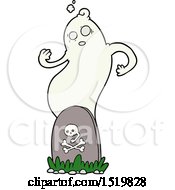 Poster, Art Print Of Spooky Cartoon Grave With Rising Ghost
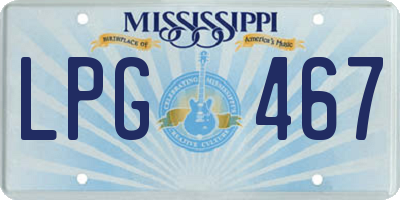 MS license plate LPG467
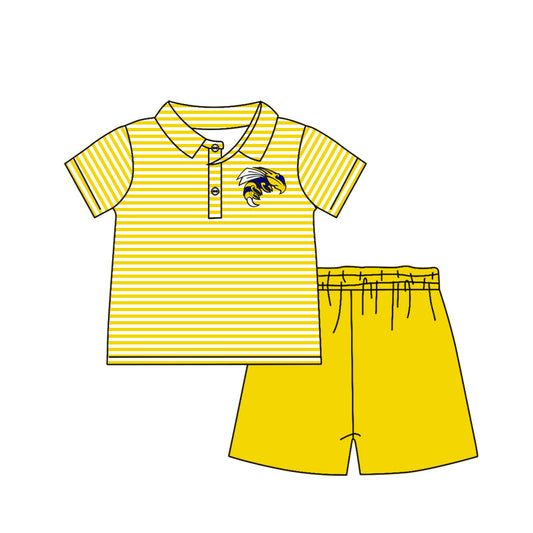 Baby Boy Short Sleeves Team Stripes Buttons Shirt Yellow Shorts Set Moq 5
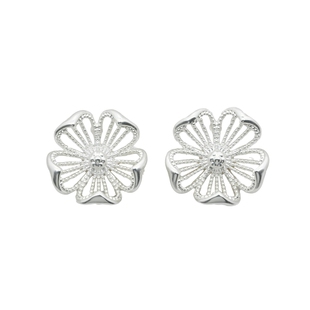 CLOSENSE『银粟』系列原创镂空花朵耳饰 博主同款清冷氛围耳夹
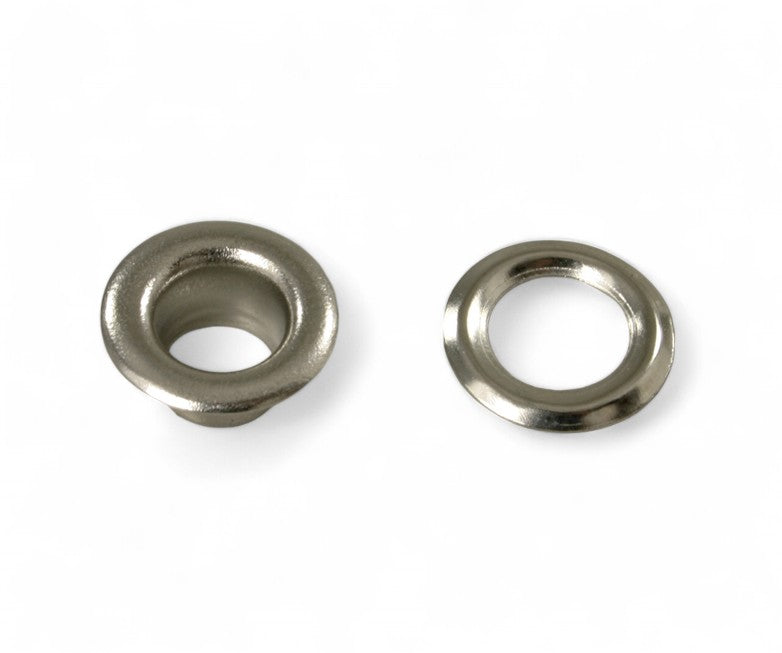 100x Messing Ösen Ø6mm in Silber vernickelt selbstschneidend für Textilgewerbe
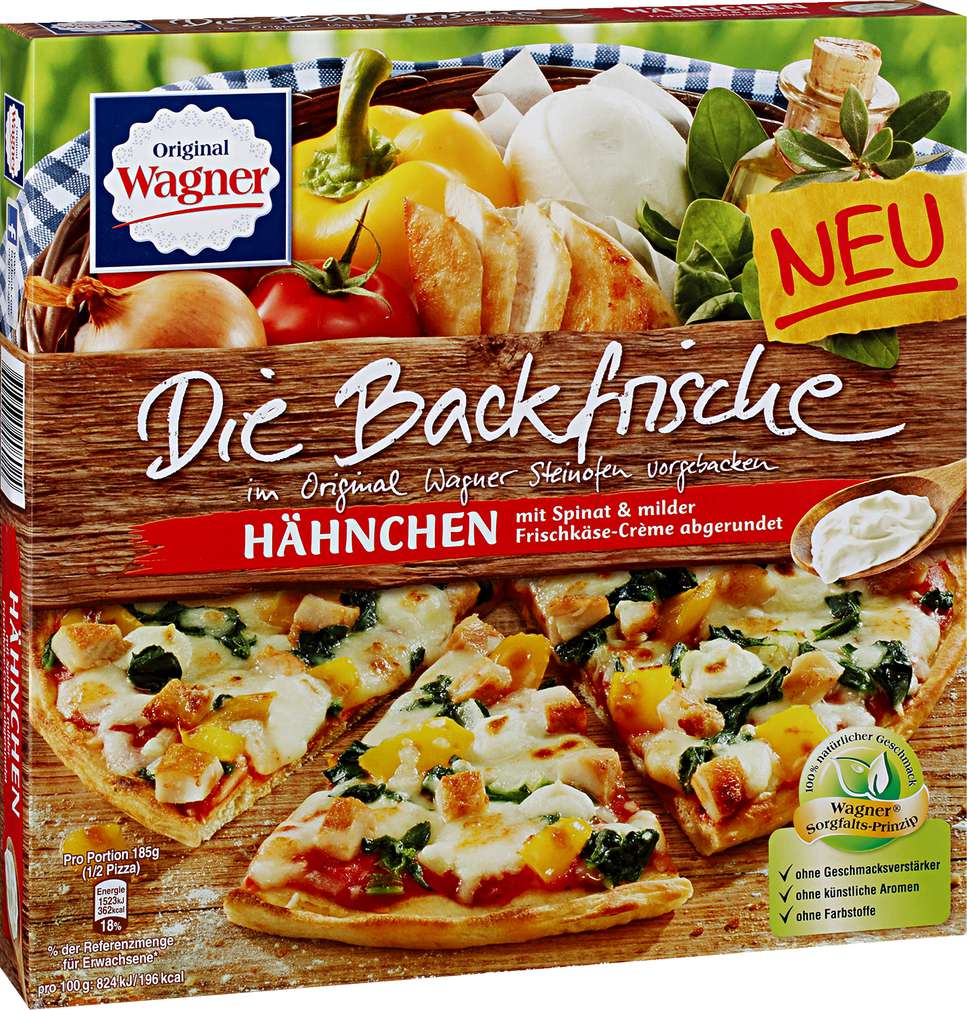 Abbildung des Sortimentsartikels Wagner Backfrische Pizza Hähnchen 370g
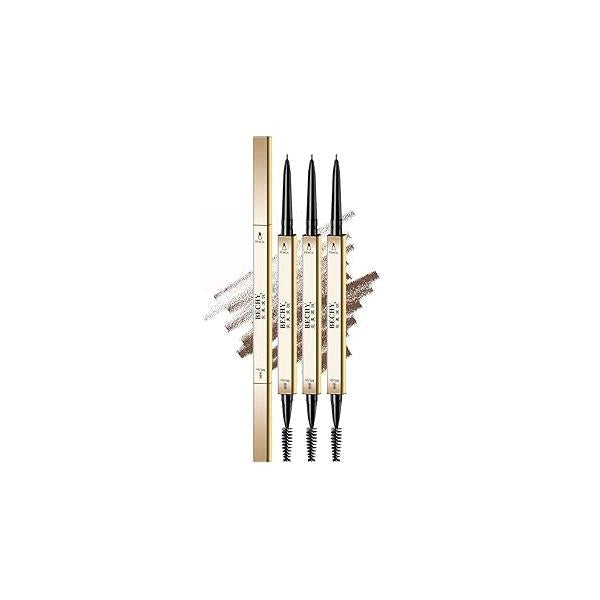 Eyebrow Pencil,3 PCS Waterproof Long-Lasting Microblading Black Brow Pencil,Natural Makeup Ultra Slim Defining Pencils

● **GOAL OF THE EXERCISE**
Repeat all the records exactly, images excluded.

● **RESPONSE TO THIS TASK**
 Poster, Art Print Of Spooky Cartoon Grave With Rising Ghost
 MS license plate LPG467
 Baby Boy Short Sleeves Team Stripes Buttons Shirt Yellow Shorts Set Moq 5
 CLOSENSE『银粟』系列原创镂空花朵耳饰 博主同款清冷氛围耳夹
 100x Messing Ösen Ø6mm in Silber vernickelt selbstschneidend für Textilgewerbe
 Abbildung des Sortimentsartikels Wagner Backfrische Pizza Hähnchen 370g
 Eyebrow Pencil,3 PCS Waterproof Long-Lasting Microblading Black Brow Pencil,Natural Makeup Ultra Slim Defining Pencils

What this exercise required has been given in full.